Probability: You throw in enough of the good inner stuff, you don’t notice shortcomings. Case in point: I’m not proud of its appearance–I can tell you, the wrestling match just to get this on the tray was not a pretty sight–but this stromboli-saurus recipe earned a ‘repeat visit’ award.

My apologies to Lauren’s Latest…her final product was much more pleasing to the eye.
‘Ugly Delicious’ folks: are you reading this?

Speaking of ‘inner stuff’, there was no reason to stop at peanut butter, so I pulled out black cherry preserves and a thick blueberry sauce that accompanied the flourless chocolate cake I’d made four days prior.

Half the fun of ‘following’ recipes is taking the detours. [Thank god there isn’t a Siri or Google Maps in the culinary world. That digital chorus would be endlessly yammering at me. “No, you nimrod, don’t double the cheese!”]

My final detour at breakfast: “Well, there’s still batter left…I wonder if I tossed in a wad of brown sugar and a glop of the blueberry sauce and then soaked the bread…”

Yep, I’d do it again.
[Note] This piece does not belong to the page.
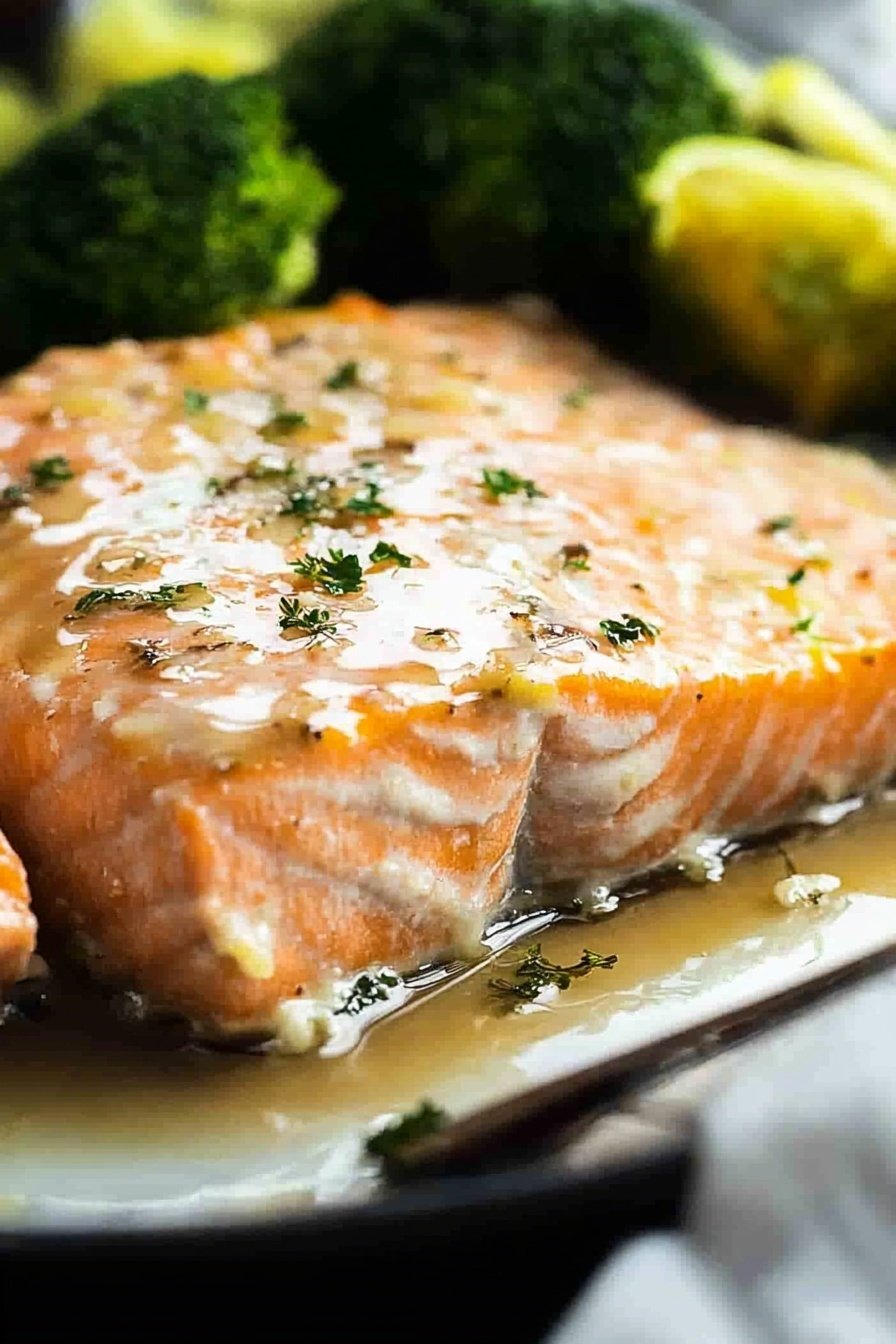 Brown Butter Honey Glazed Salmon Bake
And maybe next time, a little creme de cassis or brandy wouldn’t hurt.

And speaking of detours…do this: While you’re eating, close your eyes. My experience: The food’s taste is ramped up. [Drawback, so is the sound of your chewing and chomping.] It seems to follow the truism that taking away one sense heightens the others.

So, what does all this have to do with writing? Experimentation in writing, as in cooking, can be a pleasant little kick in the seat of the pants.

Fellow writers and cooks: Go pave a new path. Have fun.